I think you know what to do, hard as it is. Good Luck

Reply to Nikki
Posted by: Broken Heart | 2006/04/20

Hi,

Thanks for your advice.

I am the one that broke up with her, because I was too scared of getting hurt or hurting her. She really loved me a lot and it broke her apart when I did it. She was ready to actually give me a ring, thats how much she loved me.
The thing is that I can't not have contact with her. That would destroy both of us inside. We still love eachother deeply, but there are so many obstacles in the way.

Thats why I don't know what to do..

Reply to Broken Heart
Posted by: Larissa | 2006/04/20

HI Broken Heart

I feel for you!! Listen, the advice that Peter Pan is giving you is ABSOLUTELY correct. I will TEAR your heart apart, but you have got to let your ex go - no contact, nothing. That is the only way, otherwise you are constantly opening up the wound and feeling the feelings that you do feel!

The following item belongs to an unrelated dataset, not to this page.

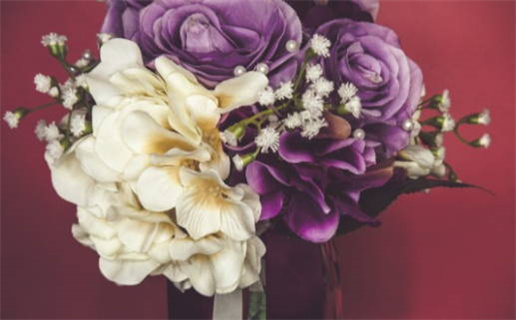 属猪是哪一年(属猪是哪一年出生的)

BUT make sure that things are really over!!! i cannot emphasize that enough. My girl broke up with me a couple of months ago and it tore me apart and i didn't want to let go, she did. I tried my best not to think of her, but didn't really help. I managed to not contact her for a week, but i realised that she had to come back to me. Did you break up or did she? The one that breaks up, is the one that needs to make right.

Even if she did break up with you, make sure that you come to grips with the fact that you couldn't commit. I mean, if she is the love of your life, why couldn't you commit - DEAL WITH THAT FIRST! Time out to sort oneself out, is almost always good!

Take care!!

Reply to Larissa
Posted by: Peter Pan | 2006/04/19

When you really love someone you never really stop loving them...... only when someone else comes into your life are you able to focus less...but the love is always there juts less painful......... the only adice I can give you is the most difficult to except, you cannot be friends with this person you cannot even see this person for now if there cannot be commitment....... but so long as you know no one can take the person way from you heart not even time....... but it is about living with it and managing it so it does not destroy your life because you need to live, putting space between you and you lover is a firts and vital step, but only if you know there is no chance of it working out.